The aim is explicitly to follow the Mertonian norms of science:
ICA was created to ensure that intelligence researchers have an unbiased publication outlet, edited by scientists with strong track records in intelligence. ICA’s history and credo are on its website (see https://icajournal.scholasticahq.com/about). Consistent with these aims and credo, ICA’s publication standards are guided by Merton’s (1942) four norms of science: universalism, disinterestedness, communality, and organized skepticism (Woodley of Menie et al., 2025). These norms include the proposition that scientific validity is independent of the sociopolitical status or personal attributes of its participants. Consistent with the Kalven Report (1967; see also, Thorp, 2024), ICA will avoid political debates about issues that are a matter of opinion and are not grounded in scientific evidence. As noted in ICA’s history and credo, the principal criterion for publication is scientific merit, based on strength of argument, analytical approach, validity of results, and clarity of exposition.
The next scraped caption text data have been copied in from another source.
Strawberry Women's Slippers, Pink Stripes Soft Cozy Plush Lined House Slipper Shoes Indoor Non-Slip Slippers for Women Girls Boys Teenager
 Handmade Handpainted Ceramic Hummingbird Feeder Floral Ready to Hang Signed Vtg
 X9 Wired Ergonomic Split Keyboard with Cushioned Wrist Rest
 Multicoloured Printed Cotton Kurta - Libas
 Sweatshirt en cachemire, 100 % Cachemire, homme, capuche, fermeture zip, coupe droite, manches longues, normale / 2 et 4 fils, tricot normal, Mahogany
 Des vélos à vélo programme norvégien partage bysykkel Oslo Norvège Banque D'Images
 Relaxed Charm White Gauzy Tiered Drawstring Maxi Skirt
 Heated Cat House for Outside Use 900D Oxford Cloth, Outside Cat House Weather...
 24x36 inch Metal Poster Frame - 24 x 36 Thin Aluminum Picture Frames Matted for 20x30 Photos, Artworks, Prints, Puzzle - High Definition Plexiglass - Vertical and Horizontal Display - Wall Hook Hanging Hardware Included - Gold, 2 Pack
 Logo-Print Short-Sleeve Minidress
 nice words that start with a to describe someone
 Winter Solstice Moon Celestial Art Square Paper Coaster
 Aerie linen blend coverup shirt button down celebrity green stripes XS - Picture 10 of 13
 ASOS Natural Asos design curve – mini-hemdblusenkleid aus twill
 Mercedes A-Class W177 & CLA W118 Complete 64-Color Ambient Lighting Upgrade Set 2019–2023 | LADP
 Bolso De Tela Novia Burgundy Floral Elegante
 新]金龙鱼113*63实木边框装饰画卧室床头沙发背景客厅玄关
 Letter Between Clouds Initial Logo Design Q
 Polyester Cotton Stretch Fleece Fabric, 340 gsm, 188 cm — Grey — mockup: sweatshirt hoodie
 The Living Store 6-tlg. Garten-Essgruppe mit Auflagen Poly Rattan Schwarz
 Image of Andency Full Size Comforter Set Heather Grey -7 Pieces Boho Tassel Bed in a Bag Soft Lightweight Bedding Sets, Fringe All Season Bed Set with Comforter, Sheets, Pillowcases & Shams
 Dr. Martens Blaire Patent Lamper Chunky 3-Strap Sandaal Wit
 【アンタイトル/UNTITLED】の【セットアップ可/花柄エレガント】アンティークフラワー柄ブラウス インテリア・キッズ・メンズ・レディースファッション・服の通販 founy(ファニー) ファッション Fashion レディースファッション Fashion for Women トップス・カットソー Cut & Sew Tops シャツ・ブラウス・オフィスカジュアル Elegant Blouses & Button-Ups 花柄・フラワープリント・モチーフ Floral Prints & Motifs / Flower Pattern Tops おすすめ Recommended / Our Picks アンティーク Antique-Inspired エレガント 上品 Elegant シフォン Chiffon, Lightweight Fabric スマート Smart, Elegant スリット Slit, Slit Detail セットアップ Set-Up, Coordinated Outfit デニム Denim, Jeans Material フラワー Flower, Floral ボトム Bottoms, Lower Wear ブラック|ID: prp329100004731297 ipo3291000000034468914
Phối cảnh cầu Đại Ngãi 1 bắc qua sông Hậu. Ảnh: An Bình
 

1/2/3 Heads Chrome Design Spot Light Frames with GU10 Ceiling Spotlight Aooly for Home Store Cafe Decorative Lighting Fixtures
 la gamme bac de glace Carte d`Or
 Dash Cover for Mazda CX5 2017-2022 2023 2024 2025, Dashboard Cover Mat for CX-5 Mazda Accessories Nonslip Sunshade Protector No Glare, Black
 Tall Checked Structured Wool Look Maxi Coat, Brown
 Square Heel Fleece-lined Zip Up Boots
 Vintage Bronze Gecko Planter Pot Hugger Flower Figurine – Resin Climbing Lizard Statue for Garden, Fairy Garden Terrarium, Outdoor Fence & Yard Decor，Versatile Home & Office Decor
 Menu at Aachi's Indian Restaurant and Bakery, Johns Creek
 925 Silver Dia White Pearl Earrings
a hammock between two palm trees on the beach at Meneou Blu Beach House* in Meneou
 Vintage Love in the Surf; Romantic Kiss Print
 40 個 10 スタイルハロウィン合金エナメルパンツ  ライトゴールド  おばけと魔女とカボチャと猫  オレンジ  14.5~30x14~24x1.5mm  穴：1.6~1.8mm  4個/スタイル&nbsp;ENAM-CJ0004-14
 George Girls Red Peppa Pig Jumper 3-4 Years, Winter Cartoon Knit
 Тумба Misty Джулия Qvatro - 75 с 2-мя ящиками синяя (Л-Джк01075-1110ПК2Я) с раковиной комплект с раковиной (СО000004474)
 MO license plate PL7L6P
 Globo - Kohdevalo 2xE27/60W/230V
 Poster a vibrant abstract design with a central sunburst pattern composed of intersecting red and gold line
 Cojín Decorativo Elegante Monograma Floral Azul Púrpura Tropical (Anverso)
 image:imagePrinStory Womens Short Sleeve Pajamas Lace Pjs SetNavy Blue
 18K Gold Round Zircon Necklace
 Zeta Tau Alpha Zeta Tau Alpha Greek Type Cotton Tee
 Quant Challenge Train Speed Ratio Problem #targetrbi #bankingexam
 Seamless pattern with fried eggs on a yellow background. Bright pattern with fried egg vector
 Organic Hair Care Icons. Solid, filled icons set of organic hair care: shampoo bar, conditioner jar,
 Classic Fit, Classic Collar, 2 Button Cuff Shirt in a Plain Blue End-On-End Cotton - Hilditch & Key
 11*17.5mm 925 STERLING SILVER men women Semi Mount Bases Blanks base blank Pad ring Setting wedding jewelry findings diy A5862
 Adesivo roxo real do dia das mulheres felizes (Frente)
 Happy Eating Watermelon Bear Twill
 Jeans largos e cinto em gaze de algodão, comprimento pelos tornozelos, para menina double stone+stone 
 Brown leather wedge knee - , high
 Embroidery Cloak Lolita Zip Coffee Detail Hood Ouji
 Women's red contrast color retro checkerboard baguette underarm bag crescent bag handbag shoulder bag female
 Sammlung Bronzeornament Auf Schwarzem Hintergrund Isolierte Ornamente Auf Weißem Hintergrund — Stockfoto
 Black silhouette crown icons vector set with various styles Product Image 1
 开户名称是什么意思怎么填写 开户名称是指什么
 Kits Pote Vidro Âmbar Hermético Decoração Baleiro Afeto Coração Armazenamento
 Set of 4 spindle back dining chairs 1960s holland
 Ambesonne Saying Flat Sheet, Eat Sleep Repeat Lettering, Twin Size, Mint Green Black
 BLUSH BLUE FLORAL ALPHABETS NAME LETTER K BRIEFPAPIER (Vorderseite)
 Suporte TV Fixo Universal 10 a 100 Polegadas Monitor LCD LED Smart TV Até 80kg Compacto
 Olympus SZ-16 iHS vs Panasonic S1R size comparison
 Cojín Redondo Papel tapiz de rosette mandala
What can we expect? Well, the editorial cites a piece by Michael Woodley et al, an article in Aporia by Noah Carl, and a study by Russell Warne. On the other hand, their editorial board includes Anna-Lena Schubert (a German woman) who was one of the agitators against me in Vienna, and she's an associate editor. Ultimately, the authors will determine whether a journal will do well or not. Looking at the first batch of papers, we see papers by Woodley et al, Gavan Tredoux, Ian Deary, Warne, as well as that new excellent polygenic scores study by Yujing Lin et al, so I think it bodes well. Time will tell.
Thanks for the information on the new intelligence journal.
"I suggested to some of them that they start a new journal with the same people at a more sensible publisher (also that this was a lesson in never to give over control to greedy capitalists)"
The adjective 'greedy' is superfluous. Note, I am for capitalism, but with severe, enforced restrictions.
I thought a quote from Doug Detterman was appropriate: Intelligence is the most important thing of all to understand, more important than the origin of the universe, more important than climate change, more important than curing cancer, more important than anything else. That is because human intelligence is our major adaptive function, and only by optimizing it will we be able to save ourselves and other living things from ultimate destruction. - Douglas Detterman ‘16
From the CA part of ICA, I hope to see psychometric research on positive human traits, other than intelligence, to identify causal DNA sequences.